One of the inevitabilities of writing an art blog is that one is always on the look-out for works that are not just interesting but will also provide a good photograph. But they are not necessarily the same. Sometimes really interesting works don’t photograph well at all; sometimes photographs jack up a piece of work a few notches higher than you feel it strictly deserves. And sometimes, the knowledge that the photograph is likely to be striking can make it difficult to decide what you think of the real thing.
One of the things I like to do from time to time is to concentrate on an area and visit as many galleries as I can without any plan other than to see what is there. Recently, after wandering around ten in the Shoreditch area, I discovered Raze Bloom by Rachael Champion in the Hales Gallery. After seeing various paintings of varying shapes and sizes, some good, some to my mind not good at all, it came as both a surprise and a relief. Too many paintings in one morning can be indigestible. I could see at once that Raze Bloom would make an interesting photographs. But was I actually convinced by it as a work?

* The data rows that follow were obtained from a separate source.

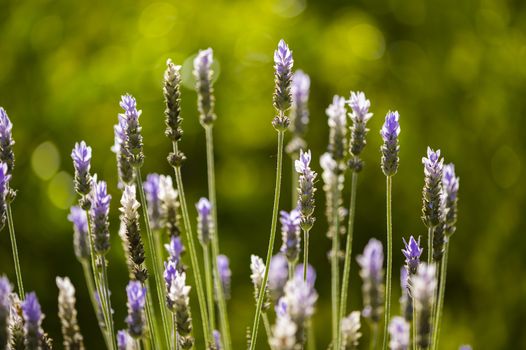 Lavander flowers in sun backlight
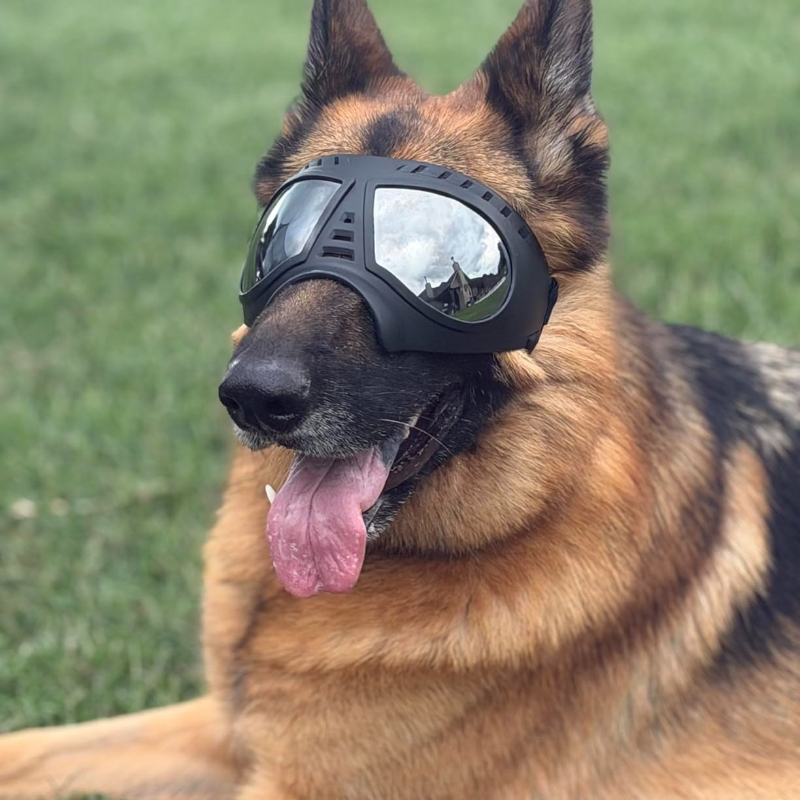 Occhiali per Animali Domestici - Snow Goggle Uv recensione e prezzo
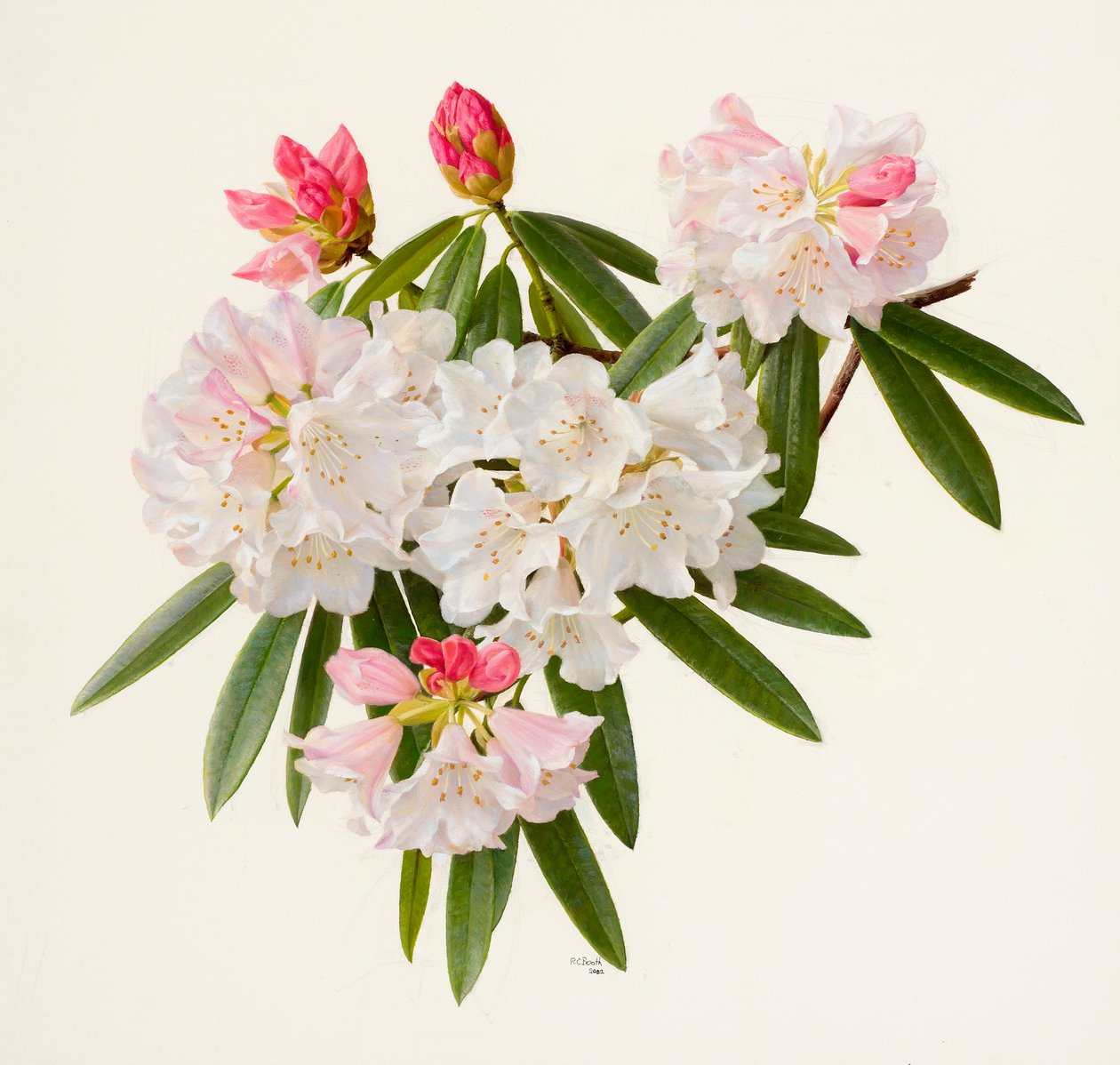 Rhododendron morii (olej na papíře) od Raymond Booth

To start with, I wasn’t sure. Although a surprise to find healthy green grass in a gallery room without windows, and realise that the artist has created a synthetic eco system, you are still left with a display that would not turn heads in the local garden centre. Coming to think of it, if you knew where to look, you would, no doubt, find healthy grass of an entirely different kind growing under artificial lights in other windowless rooms across the capital. So perhaps it was not particularly remarkable.
But despite this initial scepticism, the work continued to stay with me as did the exhibition as a whole. Cleverly curated, it brings together the works of three artists and explores the relationship we have with the environment, the natural and the artificial. The utilitarian nature of Raze Bloom was surely part of the point; created out of industrial materials, it is a commentary on the way that neighbourhoods are razed to make way for new rapidly built construction. It reminded me of the Joni Mitchell song, “they paved paradise and put up a parking lot… hey took all the trees. Put ’em in a tree museum. And they charged the people. A dollar and a half just to see ’em”

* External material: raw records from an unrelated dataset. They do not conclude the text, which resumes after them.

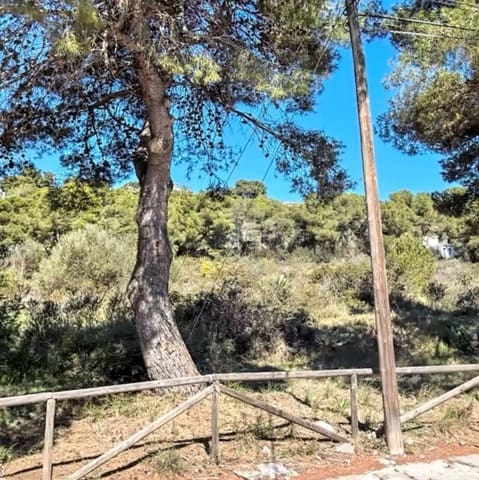 Area Edificabile in vendita in Javea / Xàbia - 250.000 € (Rif: 9738901)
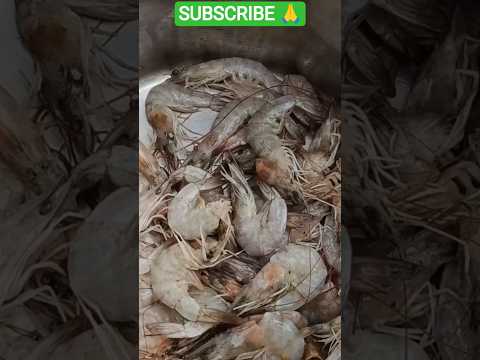 ବାସି ପଖାଳ ଭାତ ସହିତ ଚିଙ୍ଗୁଡ଼ି ଭଜା @MOLIFESTYLELIPU #molifestylelipu #odisha #vlog #vairal #food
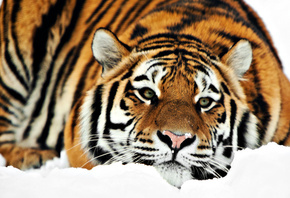 лежит, снег, Тигр, зима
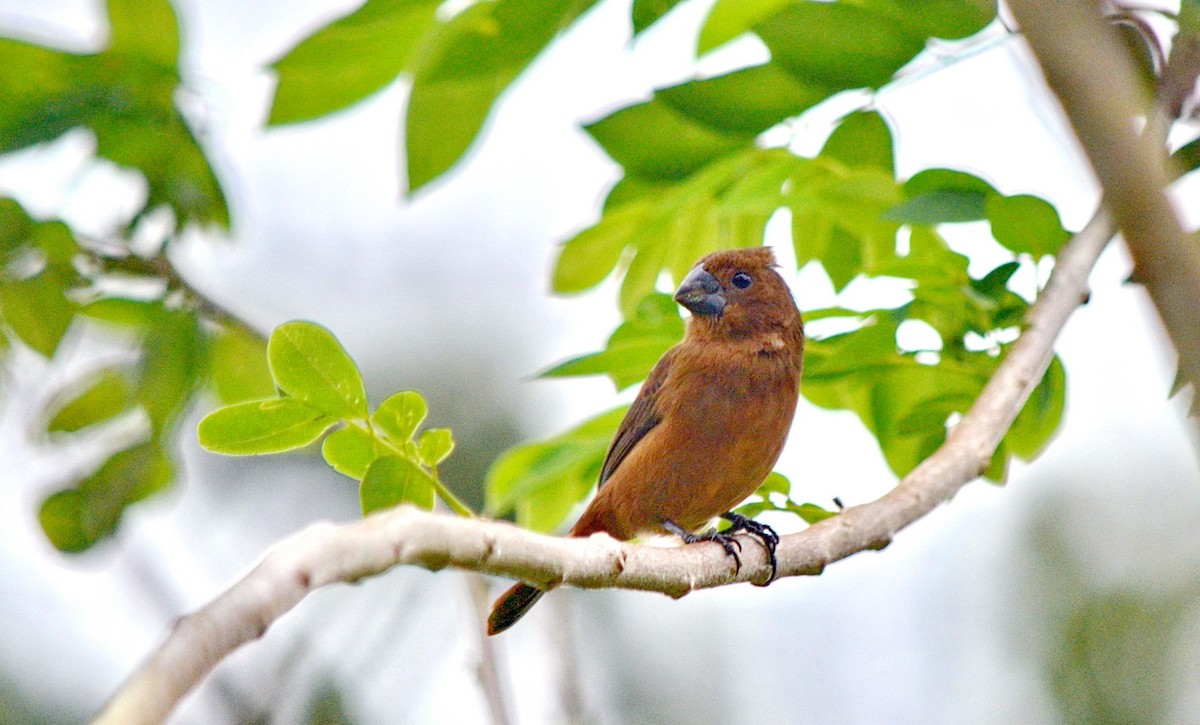 Variable Seedeater - ML616277801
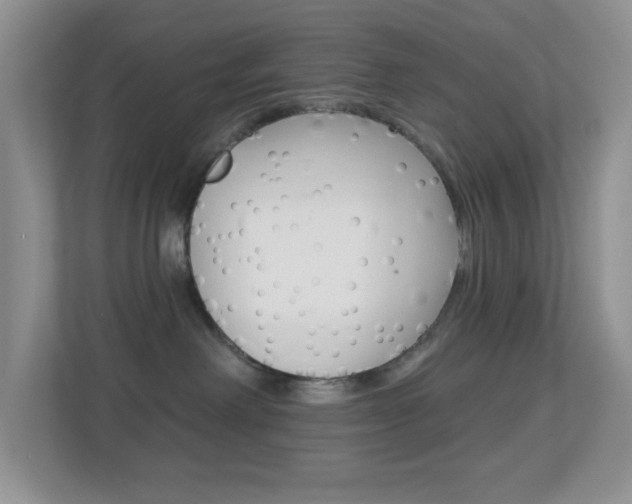 X0000113880238200909241033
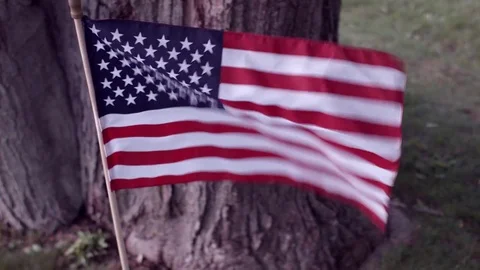 A Small Flag Blowing In The Wind In Front Of A Large Tree At A Vietnam War Memor 库存影片 76901133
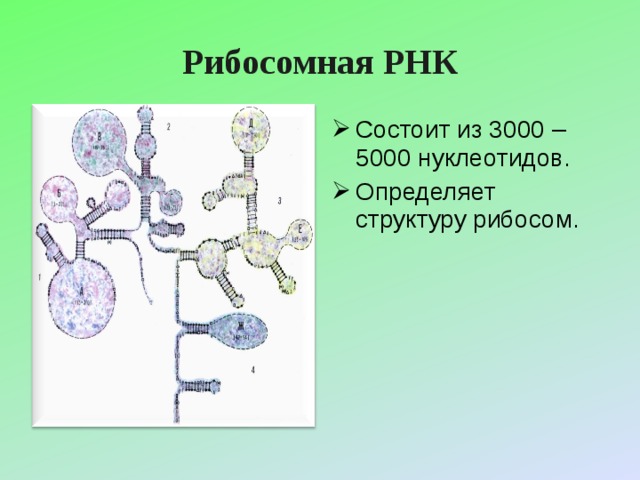 Рибосомная РНК Состоит из 3000 – 5000 нуклеотидов. Определяет структуру рибосом.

Raze Bloom was central but needed the other works to highlight the changes that happen over quite a short period of time. On the wall is a video by Rachel Pimm, Rubber, showing the harvesting and creation of rubber as it turns from a plant to a product. The film is beautifully shot and the soundtrack, which you hear through a headset, amplifies the sounds of production so that you notice the drips and sloshes as the liquid latex is harvested and eventually turned into sheets of rubber. It appears quite romantic but it would not always have been so; this was once industry but the natural product is now increasingly replaced by the synthetic.

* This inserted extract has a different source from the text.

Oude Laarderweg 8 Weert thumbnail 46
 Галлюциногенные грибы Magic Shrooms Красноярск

Also included in the exhibition are beautiful and poignant photographs of Agnes Denes’ Wheatfield Project. This took place in 1982 when Denes with the help of volunteers cleared a site in the centre of the city, bringing in topsoil to create a two acre wheat-field in the heart of Manhattan. Her stated aim at the time was “to call people’s attention to having to rethink their priorities.” and she explained that the project grew “out of a long-standing concern and need to call attention to our misplaced priorities and deteriorating human values.”
Deane succeeded in harvesting a thousand pounds of the grain. In the photographs you can see the crop ripening in the middle of the busy city. In the back ground the twin towers are still standing. At the time it must have seemed near miraculous to have succeeded. Now looking back at those photographs taken thirty three years ago, it already feels as though we are looking at a gentler and more optimistic time. Meanwhile, Raze Bloom seems to be looking towards a harsher future.